The species had relatively broad molars with relatively few transverse lamellae. The mighty tusks were almost 4 m long and already showed the screw shape characteristic of mammoths. Large specimens of the southern elephant were over 4 m high. It is not known whether it already had fur like later mammoth species.

It was one of the early mammoth species and the first to leave the genus' African area of ​​origin and reach Eurasia. About 1.5 million years ago it immigrated to North America over the Bering Land Bridge, which had fallen dry at the time . The later mammoth species such as the steppe mammoth and the prairie mammoth emerged from the southern elephant . The two African species Mammuthus africanavus and Mammuthus subplanifrons come into consideration as ancestors . The southern elephant lived in the open forest areas of Eurasia and North America, where a relatively mild climate prevailed 2 million years ago.
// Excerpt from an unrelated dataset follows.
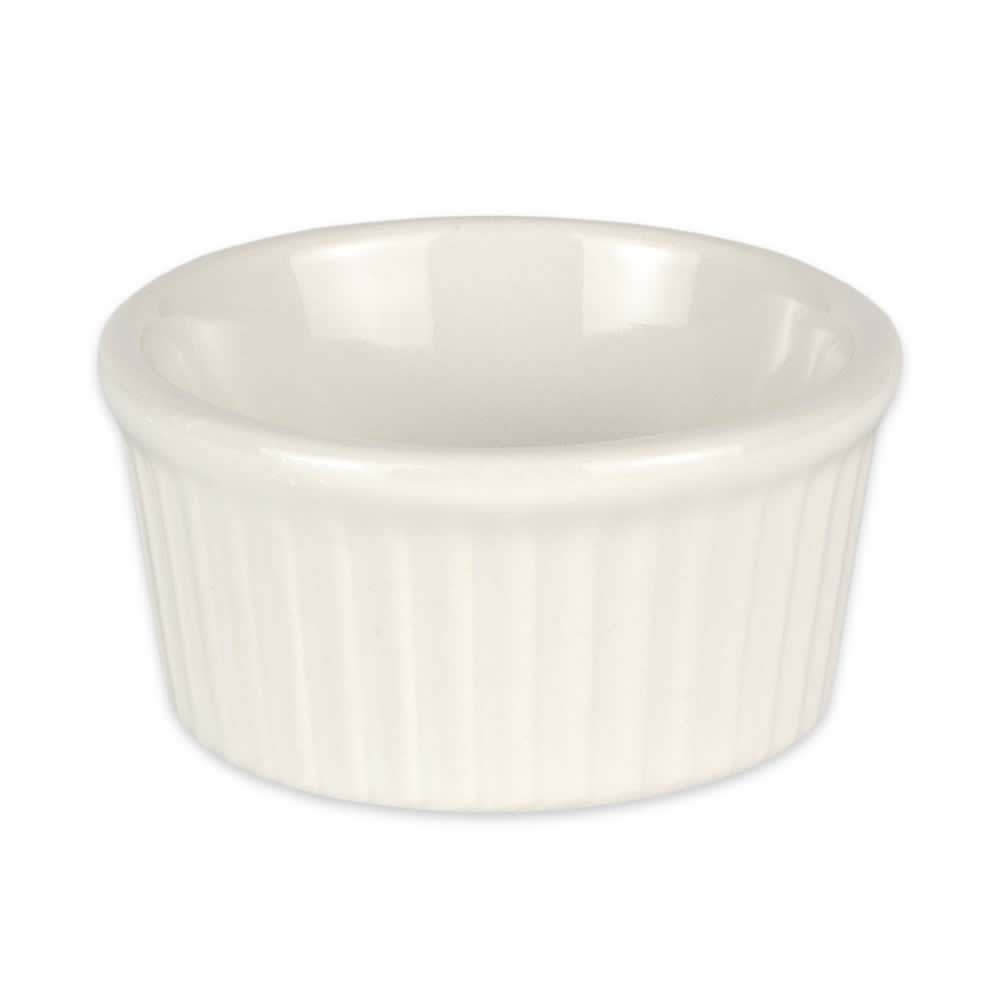 793-DC844W 2 oz Fluted Ramekin - Ceramic, White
A complete skeleton of the southern elephant is in the State Museum of Stavropol . The only complete skeleton found in North America is on display in Denver . A third specimen, the over 4 m high "Elephant of Durfort" (the skeleton of a southern elephant), can be seen in the National Museum of Natural History in Paris .

literature

  • Douglas Palmer: Dinosaurs & Prehistoric Animals. An illustrated encyclopedia. Könemann, Cologne 2000, ISBN 3-8290-6113-7 .
  • Adrian Lister, Paul Bahn: Mammoths. The giants of the ice age. Jan Thorbecke Verlag, Sigmaringen 1997 ISBN 3-7995-9050-1 .
  • Spectrum of Science (Human Mammoth Ice Age). 1/2006.